_What the exercise asks_: Beginning with the line where "Tan Background Wallpaper" appears, restate each line word for word until the data ends. Pictures do not go in.

_Source material_:
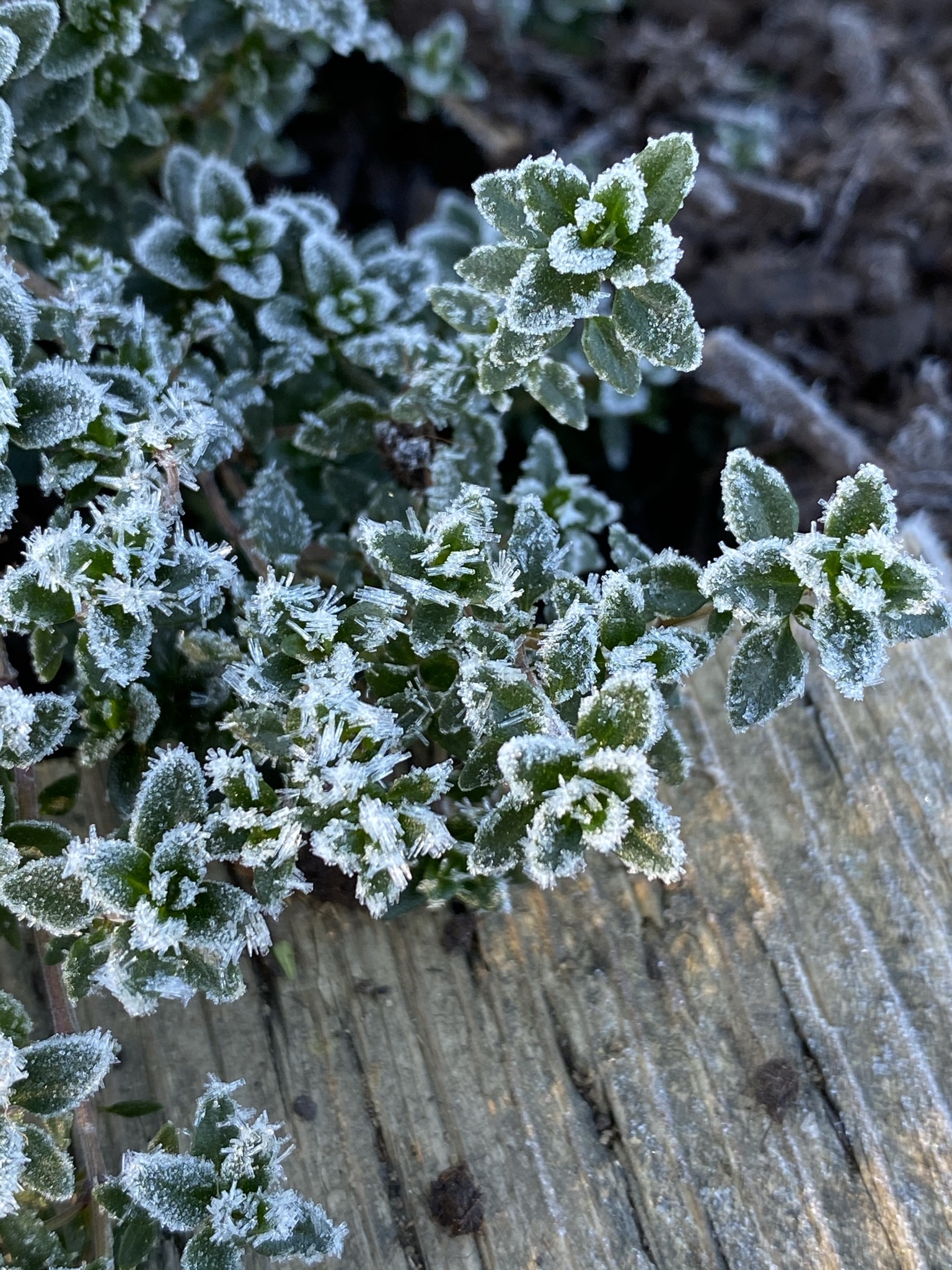 https://www.treeoflife.co.jp/garden/news/images/d6111c44a335ee8d809f4c3364177e302d2d874c.JPEG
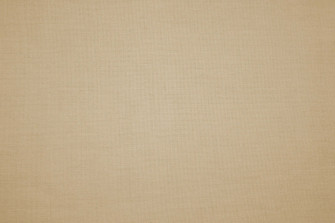 Tan Background Wallpaper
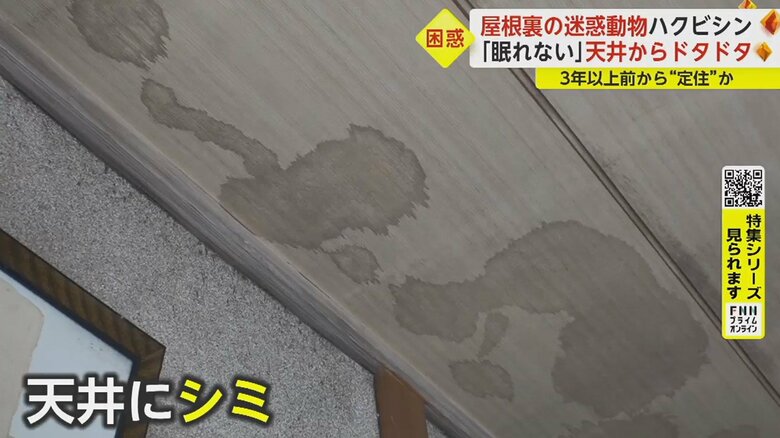 ハクビシンが住みついているのは間違いないようだ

_Solution_:
 Tan Background Wallpaper
 ハクビシンが住みついているのは間違いないようだ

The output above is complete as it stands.